6. Summary

A fraud detection system aims at optimizing two conflicting goals. On the one hand, the system should maximize the detection of fraudulent transactions, a metric known as recall. On the other hand, it should also minimize the number of false positives, that is, the number of genuine transactions which are incorrectly predicted as frauds. Unless a perfect classifier can be designed, maximizing the recall comes at a cost in terms of false positives. The cost structure of a fraud detection system is however complex, if not impossible, to determine.

A common approach to circumvent this conflicting goal is to assess the recall and false positive rates for all possible decision thresholds. The resulting function is the Receiving Operating Characteristic (ROC) curve. The area under the ROC curve (known as AUC ROC) is the most widely used metric to assess the performance of fraud detection systems. This chapter highlighted that the AUC ROC is however poorly adapted to class imbalanced problems such as fraud detection. Two other metrics, the Average Precision (AP), and the daily Card Precision top-\(k\) (CP@k) were motivated to better characterize the performances of a CCFD.

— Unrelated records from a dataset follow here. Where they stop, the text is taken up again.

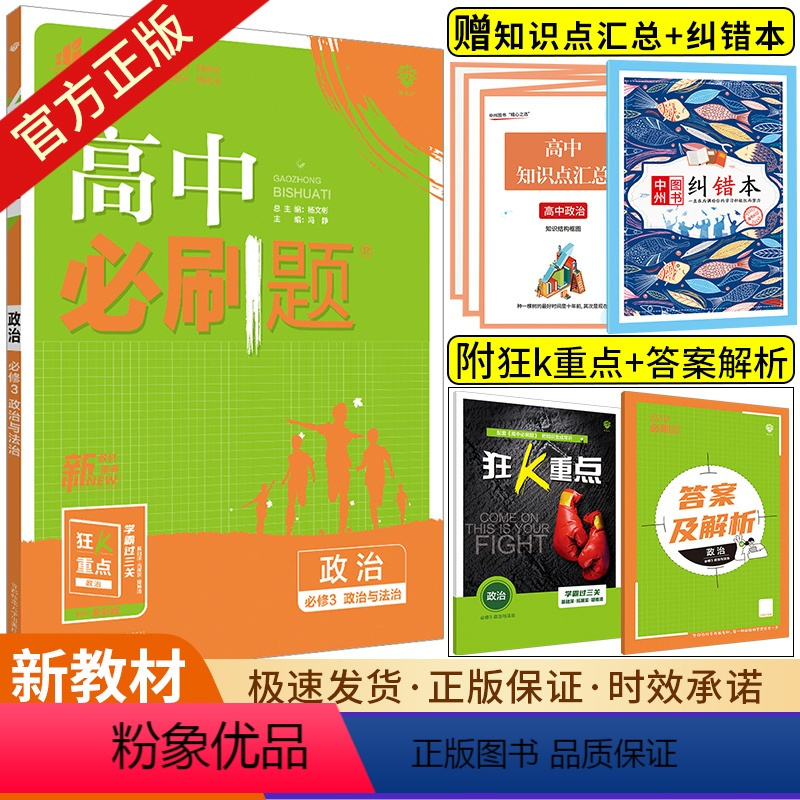 高一下[政治]必修3.人教版 高中一年级 [正版]2024新版高中政治必修第三册人教版高一上下册必修四一二高二政治选择性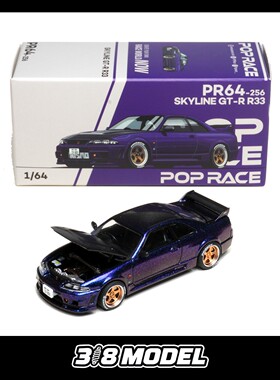 现货 Pop Race 1:64 尼桑天际线GT-R R33 NISMO午夜紫色 合金车模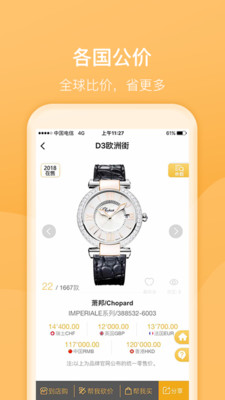 截图 4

The AUC ROC, AP, and CP@k are complementary. The AUC ROC reflects the accuracy of the detection system for all possible thresholds. The AP also reflects the accuracy of the detection system for all possible thresholds but gives more importance to regions of the decision thresholds where the precision remains high. Finally, the CP@k provides a more concrete metric for CCFD, by assessing the average daily precision of the system, assuming that a maximum of \(k\) cards can be checked daily by investigators.

Due to their complementarity, we recommend assessing the performance of a fraud system by using these three performance measures. All the techniques and methods presented in the next chapters will be assessed with these measures.